Most legal orders will require a court process.  Foster carers are likely to become familiar with The Children’s Hearing.  This system protects and safeguards children and young people in their care and justice approach, which is unique to Scotland.

Foster carers should be given a copy of any order a child or young person is the subject of and ensure that they have a good understanding of how that Order, or any conditions within it, may affect them or the child or young person they are caring for. 

Whichever legal order a child or young person is the subject of it means the Local Authority are responsible for them and they cannot return home without the order being reviewed or varied by The Children’s Hearing or Sheriff Court. Or in the case of a voluntary order, which has been continuous over a six-month period, then the Local Authority requires a parent to provide 14 days’ notice.

Foster carers are likely to be invited or required to attend a Children’s Hearing.  If more information is required for a decision to be made, or an order granted, a Sheriff or Children’s Panel may appoint a Safeguarder.  They may visit the child or young person at the foster carer’s home.  They will write a report for panel members and attend the next Hearing or Court date. Not all children and young people need to have a Safeguarder.

What are our duties and responsibilities to children and young people?
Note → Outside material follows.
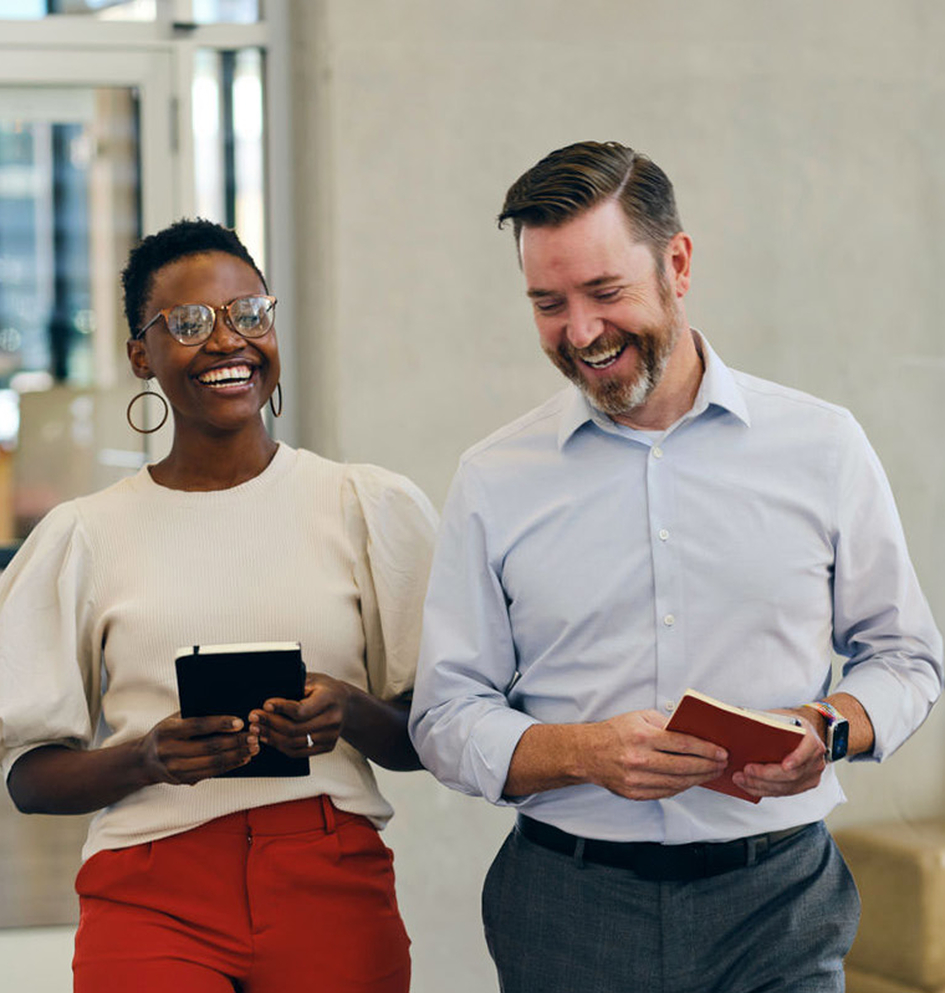 Two business people laughing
Once a child or young person becomes care experienced, the local authority has several legal duties towards them and their families: 

  • We must safeguard and promote children and young person’s welfare. It is our primary concern.  All care experienced children or young people will have a social worker. Their social worker has a duty to visit them at least every three months but many will need more frequent visits. They must also have a written child’s plan, one which is reviewed regularly.
  • Children and young people should have the use of services, the same as any others who remain cared for by their parents.
  • if in their best interests, we have a responsibility to place brothers and sisters together or geographically close.  Foster carers support children and young people’s relationships to people who are important to them. Brother and sisters are at the forefront.
  • We have a duty to promote regular and direct family time with children, young people and their families providing this is consistent and is in their best interests. For those children and young people where this is not possible, we continue to support relationships through indirect family time. 
  • We provide advice and assistance with a view to the time when the child or young person decides to leave their foster family. 
  • We find out and have regard to the views of children and young people, their parents, and any other relevant person, when decisions are made.
  • We take account, so far as is achievable, of children and young people’s religious persuasion, racial origin and cultural and linguistic background. 

Foster carers play a key role in helping us to meet these duties. It is important that either by mistake or purposefully, foster carers do not do something that conflicts with these duties. Foster carers duties and responsibilities are detailed in the Carer Agreement they hold with us.